YOUR INSTRUCTIONS ::
Transcription, pictures excluded: write out the data below exactly.

───── RECORD EXCERPTS

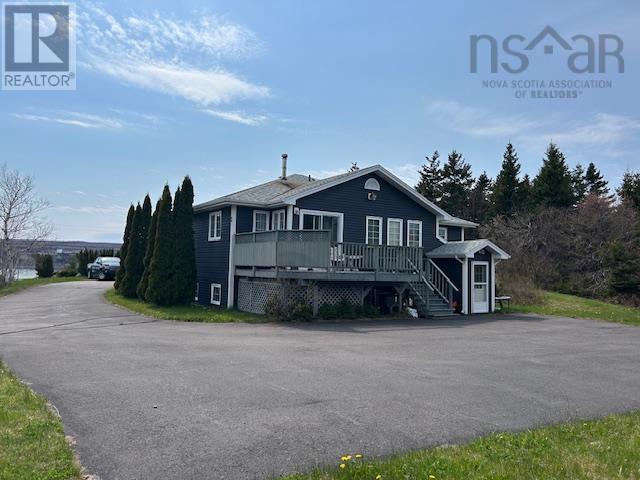 2 Hillcrest Drive, Port Hawkesbury, Nova Scotia  B9A 1Z9 - Photo 3 - 202512135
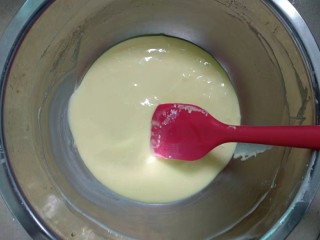 斑马纹戚风蛋糕（8寸版）,搅拌成无颗粒状蛋黄糊。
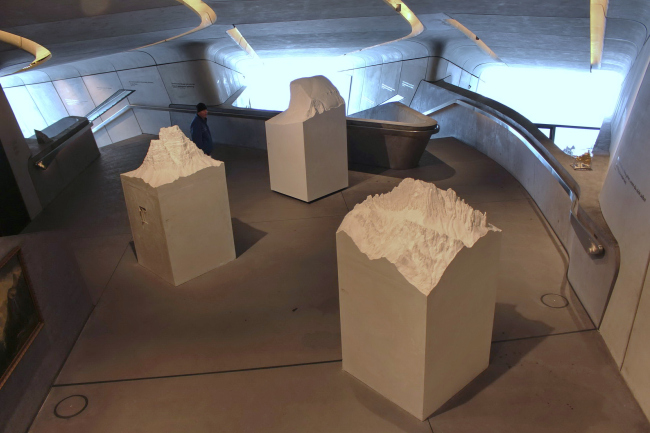 ������ ����� �������� � Corones � ��������� ���������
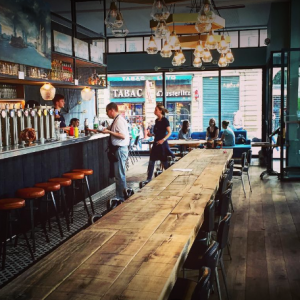 Pose de parquet au Caf&eacute; B&acirc;le &agrave; Strasbourg H&oelig;nheim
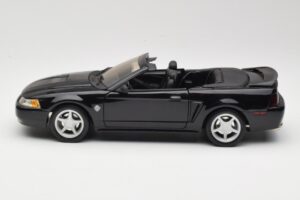 Ford Mustang GT SN95 Kabrió Fekete Maisto 1:18 50328 Fém – 4. kép a 8-ből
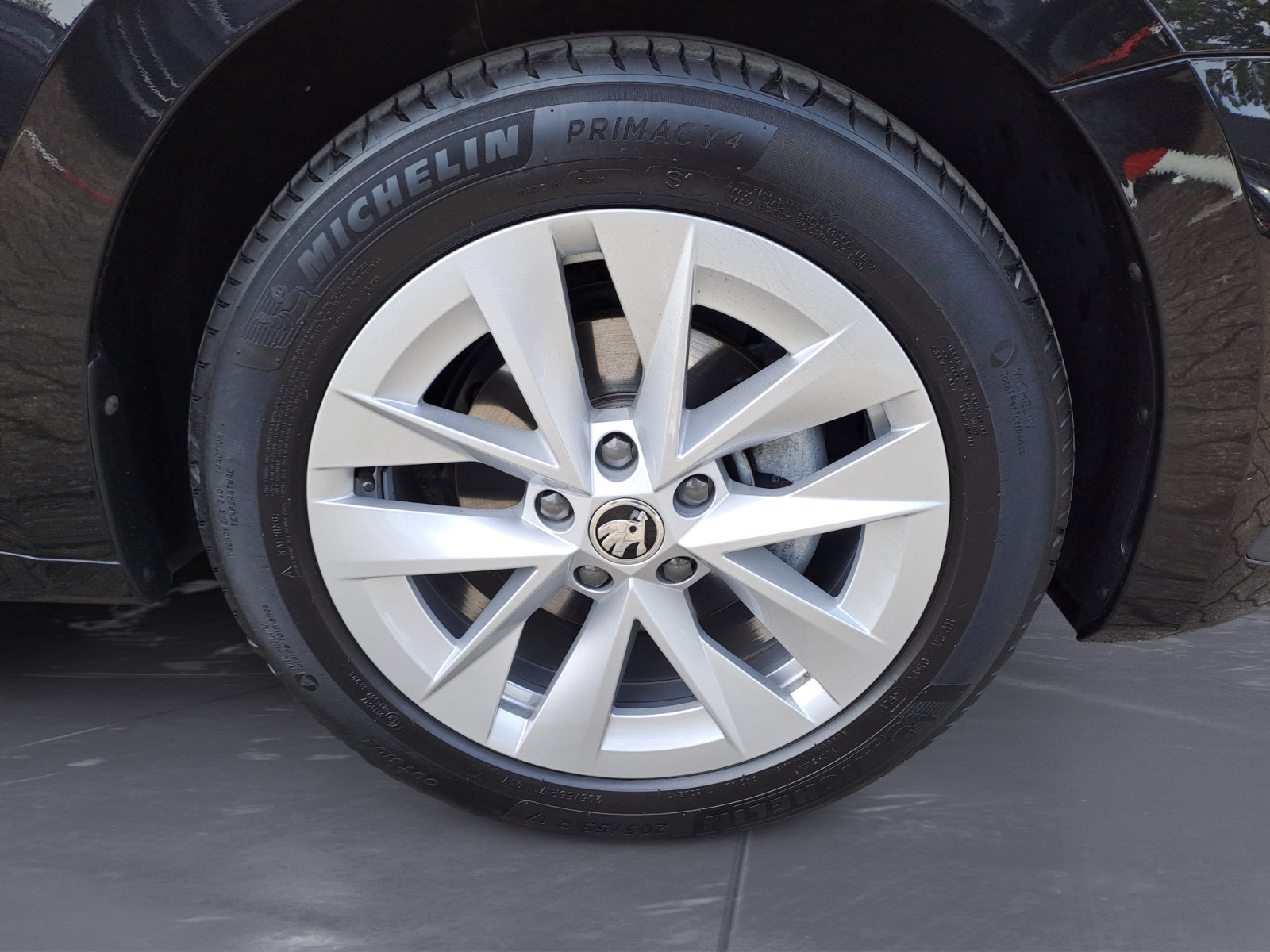 Skoda - Octavia Combi 2.0 TDI DSG STYLE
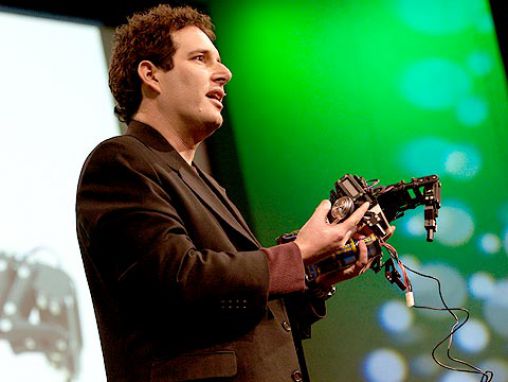 Click to play Hod Lipson construit des robots "conscients"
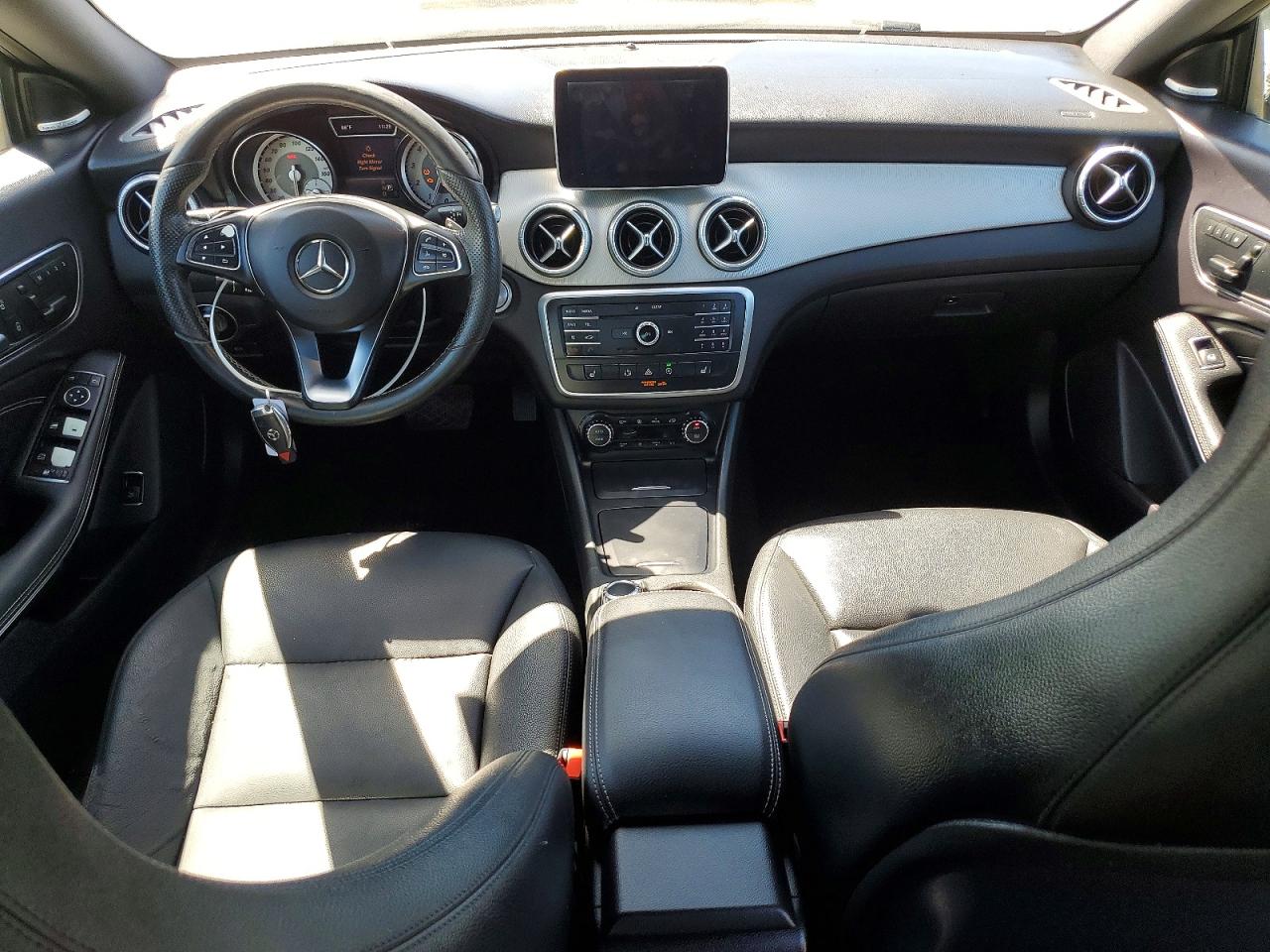 2015 Mercedes-benz Cla 250 White vin: WDDSJ4EB4FN176946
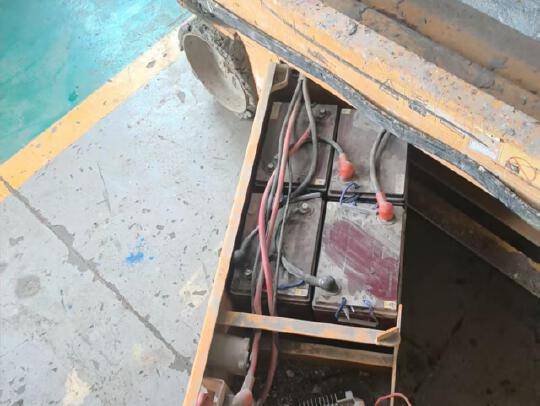 徐工GTJZ1212剪叉式高空作業平臺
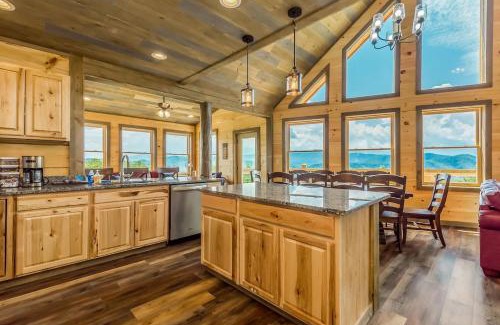 Sevierville House | Freedoms View, Game Room & Amazing Views, FREE tickets each paid day, Hot Tub!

──────────

WRITTEN RESPONSE ::
 2 Hillcrest Drive, Port Hawkesbury, Nova Scotia  B9A 1Z9 - Photo 3 - 202512135
 斑马纹戚风蛋糕（8寸版）,搅拌成无颗粒状蛋黄糊。
 ������ ����� �������� � Corones � ��������� ���������
 Pose de parquet au Caf&eacute; B&acirc;le &agrave; Strasbourg H&oelig;nheim
 Ford Mustang GT SN95 Kabrió Fekete Maisto 1:18 50328 Fém – 4. kép a 8-ből
 Skoda - Octavia Combi 2.0 TDI DSG STYLE
 Click to play Hod Lipson construit des robots "conscients"
 2015 Mercedes-benz Cla 250 White vin: WDDSJ4EB4FN176946
 徐工GTJZ1212剪叉式高空作業平臺
 Sevierville House | Freedoms View, Game Room & Amazing Views, FREE tickets each paid day, Hot Tub!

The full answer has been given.